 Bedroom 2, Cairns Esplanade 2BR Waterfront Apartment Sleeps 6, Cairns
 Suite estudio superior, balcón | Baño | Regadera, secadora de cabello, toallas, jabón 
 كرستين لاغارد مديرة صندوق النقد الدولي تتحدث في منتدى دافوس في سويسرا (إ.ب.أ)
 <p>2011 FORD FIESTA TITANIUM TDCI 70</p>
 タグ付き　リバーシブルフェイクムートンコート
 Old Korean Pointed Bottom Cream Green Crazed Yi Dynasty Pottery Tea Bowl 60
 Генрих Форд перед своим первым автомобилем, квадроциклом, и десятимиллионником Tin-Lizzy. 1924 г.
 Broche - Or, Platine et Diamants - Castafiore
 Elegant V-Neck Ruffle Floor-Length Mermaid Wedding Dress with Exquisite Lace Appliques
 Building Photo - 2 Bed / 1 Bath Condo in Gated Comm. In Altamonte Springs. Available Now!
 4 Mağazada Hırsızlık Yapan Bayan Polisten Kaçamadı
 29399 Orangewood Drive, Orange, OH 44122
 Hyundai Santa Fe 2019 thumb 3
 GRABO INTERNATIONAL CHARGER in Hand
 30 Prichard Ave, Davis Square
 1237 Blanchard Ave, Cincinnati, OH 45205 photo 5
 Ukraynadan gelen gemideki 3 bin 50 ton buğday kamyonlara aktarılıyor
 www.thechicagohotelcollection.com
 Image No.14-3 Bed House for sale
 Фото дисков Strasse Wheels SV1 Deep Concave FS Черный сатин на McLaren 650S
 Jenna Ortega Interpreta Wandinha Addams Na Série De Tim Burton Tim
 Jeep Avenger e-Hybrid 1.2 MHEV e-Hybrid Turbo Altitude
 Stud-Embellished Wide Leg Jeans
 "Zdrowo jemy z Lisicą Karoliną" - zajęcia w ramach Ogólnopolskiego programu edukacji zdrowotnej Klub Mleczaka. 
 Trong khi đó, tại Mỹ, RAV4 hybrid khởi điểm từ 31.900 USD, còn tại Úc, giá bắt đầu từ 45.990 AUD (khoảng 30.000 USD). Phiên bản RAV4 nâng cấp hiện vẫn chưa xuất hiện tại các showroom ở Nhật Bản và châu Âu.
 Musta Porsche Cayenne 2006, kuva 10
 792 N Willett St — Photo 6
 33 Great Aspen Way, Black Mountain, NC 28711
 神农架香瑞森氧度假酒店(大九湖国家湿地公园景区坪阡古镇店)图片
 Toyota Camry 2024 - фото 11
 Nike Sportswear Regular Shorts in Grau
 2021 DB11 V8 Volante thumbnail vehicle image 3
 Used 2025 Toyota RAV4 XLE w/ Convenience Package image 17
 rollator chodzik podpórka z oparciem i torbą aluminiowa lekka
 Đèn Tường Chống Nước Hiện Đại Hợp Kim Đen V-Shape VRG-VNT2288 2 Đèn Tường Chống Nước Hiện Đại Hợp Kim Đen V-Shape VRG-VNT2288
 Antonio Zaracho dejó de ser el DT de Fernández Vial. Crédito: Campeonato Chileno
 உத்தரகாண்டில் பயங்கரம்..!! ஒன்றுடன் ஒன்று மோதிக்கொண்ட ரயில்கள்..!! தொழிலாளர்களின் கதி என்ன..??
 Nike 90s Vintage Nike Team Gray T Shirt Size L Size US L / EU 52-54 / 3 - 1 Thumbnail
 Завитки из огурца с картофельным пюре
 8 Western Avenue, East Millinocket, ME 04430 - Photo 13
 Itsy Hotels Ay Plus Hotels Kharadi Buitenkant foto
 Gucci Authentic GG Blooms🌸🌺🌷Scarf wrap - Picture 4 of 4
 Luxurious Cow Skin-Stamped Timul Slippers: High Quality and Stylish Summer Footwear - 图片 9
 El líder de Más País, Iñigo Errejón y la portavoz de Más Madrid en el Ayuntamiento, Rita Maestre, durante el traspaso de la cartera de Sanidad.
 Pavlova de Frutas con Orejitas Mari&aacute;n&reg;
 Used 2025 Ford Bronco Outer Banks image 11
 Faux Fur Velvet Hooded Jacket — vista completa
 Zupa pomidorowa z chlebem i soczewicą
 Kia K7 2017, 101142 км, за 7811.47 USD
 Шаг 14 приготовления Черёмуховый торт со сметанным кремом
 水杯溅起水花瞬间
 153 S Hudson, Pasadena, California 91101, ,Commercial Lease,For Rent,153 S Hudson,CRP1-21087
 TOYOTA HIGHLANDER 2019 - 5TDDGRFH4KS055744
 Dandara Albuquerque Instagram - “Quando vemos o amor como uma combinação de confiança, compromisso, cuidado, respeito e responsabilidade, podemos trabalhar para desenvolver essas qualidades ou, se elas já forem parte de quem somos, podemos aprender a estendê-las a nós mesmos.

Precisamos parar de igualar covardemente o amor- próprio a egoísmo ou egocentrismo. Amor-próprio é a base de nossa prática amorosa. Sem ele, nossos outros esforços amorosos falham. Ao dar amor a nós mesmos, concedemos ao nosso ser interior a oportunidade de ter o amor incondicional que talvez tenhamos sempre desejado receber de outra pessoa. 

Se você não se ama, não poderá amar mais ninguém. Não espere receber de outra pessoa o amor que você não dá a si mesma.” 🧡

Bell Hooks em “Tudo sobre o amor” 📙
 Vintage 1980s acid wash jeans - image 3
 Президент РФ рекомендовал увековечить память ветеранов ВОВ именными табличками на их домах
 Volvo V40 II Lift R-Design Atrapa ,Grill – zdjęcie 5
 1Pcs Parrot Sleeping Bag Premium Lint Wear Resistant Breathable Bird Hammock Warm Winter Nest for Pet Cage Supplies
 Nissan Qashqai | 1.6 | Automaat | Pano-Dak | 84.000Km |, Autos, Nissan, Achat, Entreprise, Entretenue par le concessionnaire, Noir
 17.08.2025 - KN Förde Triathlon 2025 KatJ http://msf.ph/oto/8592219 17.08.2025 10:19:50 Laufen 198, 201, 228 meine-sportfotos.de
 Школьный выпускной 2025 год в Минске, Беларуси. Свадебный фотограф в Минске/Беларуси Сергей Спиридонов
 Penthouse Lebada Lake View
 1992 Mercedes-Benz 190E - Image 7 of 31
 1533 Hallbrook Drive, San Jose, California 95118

# WHAT IS EXPECTED:
Could you restate word for word the lines above from the one containing "4 Mağazada Hırsızlık" through the one containing "Nike Sportswear Regular Shorts in Grau", both included, and nothing else?

# TASK ANSWER:
 4 Mağazada Hırsızlık Yapan Bayan Polisten Kaçamadı
 29399 Orangewood Drive, Orange, OH 44122
 Hyundai Santa Fe 2019 thumb 3
 GRABO INTERNATIONAL CHARGER in Hand
 30 Prichard Ave, Davis Square
 1237 Blanchard Ave, Cincinnati, OH 45205 photo 5
 Ukraynadan gelen gemideki 3 bin 50 ton buğday kamyonlara aktarılıyor
 www.thechicagohotelcollection.com
 Image No.14-3 Bed House for sale
 Фото дисков Strasse Wheels SV1 Deep Concave FS Черный сатин на McLaren 650S
 Jenna Ortega Interpreta Wandinha Addams Na Série De Tim Burton Tim
 Jeep Avenger e-Hybrid 1.2 MHEV e-Hybrid Turbo Altitude
 Stud-Embellished Wide Leg Jeans
 "Zdrowo jemy z Lisicą Karoliną" - zajęcia w ramach Ogólnopolskiego programu edukacji zdrowotnej Klub Mleczaka. 
 Trong khi đó, tại Mỹ, RAV4 hybrid khởi điểm từ 31.900 USD, còn tại Úc, giá bắt đầu từ 45.990 AUD (khoảng 30.000 USD). Phiên bản RAV4 nâng cấp hiện vẫn chưa xuất hiện tại các showroom ở Nhật Bản và châu Âu.
 Musta Porsche Cayenne 2006, kuva 10
 792 N Willett St — Photo 6
 33 Great Aspen Way, Black Mountain, NC 28711
 神农架香瑞森氧度假酒店(大九湖国家湿地公园景区坪阡古镇店)图片
 Toyota Camry 2024 - фото 11
 Nike Sportswear Regular Shorts in Grau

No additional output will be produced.